Pour Pignot et Saez dans l’Observatoire, les tiers-lieux « sont protéiformes. Ils obéissent chacun à des microcultures qui font leur identité propre […] Ils font le pari de la “réversibilité des lieux” en concevant des espaces non figés, non dédiés à un type de pratique, pour que des usages non programmés puissent trouver leur place dans le futur. Une définition “en creux” pourrait finalement être une façon de qualifier le tiers-lieu »². Ainsi, ces lieux offrent une opportunité de les moduler et donc de se les approprier en tant qu’individu-e ou groupe.

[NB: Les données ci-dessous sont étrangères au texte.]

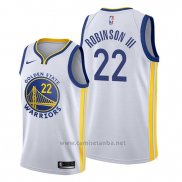 Camiseta Golden State Warriors Glenn Robinson III #22 Association Blanco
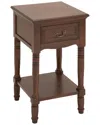 Peyton Lane Wood Accent Table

Le squat, comme pratique de réappropriation de lieux désaffectés, dans le marché locatif ou ayant un usage défini différent de celui de s’y reposer, rentre dans cette dynamique de tiers-lieux. Car d’un espace à l’usage défini ou sans usage, le squat devient une pratique de modification propice à l’apparition d’un tiers-lieu collectif et productif. À l’image du bâtiment 7 à ses débuts, cette pratique permet de revitaliser un espace de vie et ses alentours, le tout en capitalisant sa valeur d’usage où tous les projets sont possibles et envisageables. Donc, cette valeur d’usage, maximisée, s’oppose à la valeur stricte d’échange des biens locatifs et des biens fonciers. Pour Marx, dans sa théorie de la valeur, souligne le double lien de la marchandise entre la valeur d’usage et de la valeur d’échange par le temps de travail mis dans la marchandise. Pourtant, dans un tiers-lieu, il est en contradiction puisqu’il permet de mettre du temps de travail pour consolider la valeur d’usage du lieu tout en permettant la réversibilité de l’usage, donc sa finalité. Elle se place dans une médiation collective de l’usage de l’espace et de sa transformation permanente plutôt que la finalité du bien dans son optimum d’échange.
Et il en est de la police de venir rectifier la valeur d’échange en déséquilibrant l’optimum entre valeur d’usage et valeur d’échange pour favoriser la valeur d’échange, aussi élevée soit-elle, en garantissant la propriété privée et le droit de jouir de son bien, même non utilisé. Ainsi, le squat, comme négation de la valeur d’usage, et par le tiers-lieu qui en découle, vient remettre en doute les préconceptions de l’usage des lieux communs et semi-privés dans le cadre urbain. Je crois donc qu’il y a un lien conceptuel très fort entre les tiers-lieux, la police (la norme/la violence légitime de l’État) et les rapports économiques. En conclusion, il faut toujours garder en tête les rapports démocratiques, les médiations collectives et les forces politico-policiers lorsque l’on pense les tiers-lieux et les squats comme solution à la crise des espaces de vie et des logements que l’on expérience ces dernières années.
¹ Baudens, Quentin, « Apologie des tiers-lieux : Critique des angles morts du politique et de son urbain », Union Libre, vol. 11, no 3, 29 avril 2023, p. 21‑22.
² Saez, Jean-Pierre, « Présentation », L’Observatoire, vol. 52, no 2, Grenoble, Observatoire des politiques culturelles, 2018, p. 7‑8.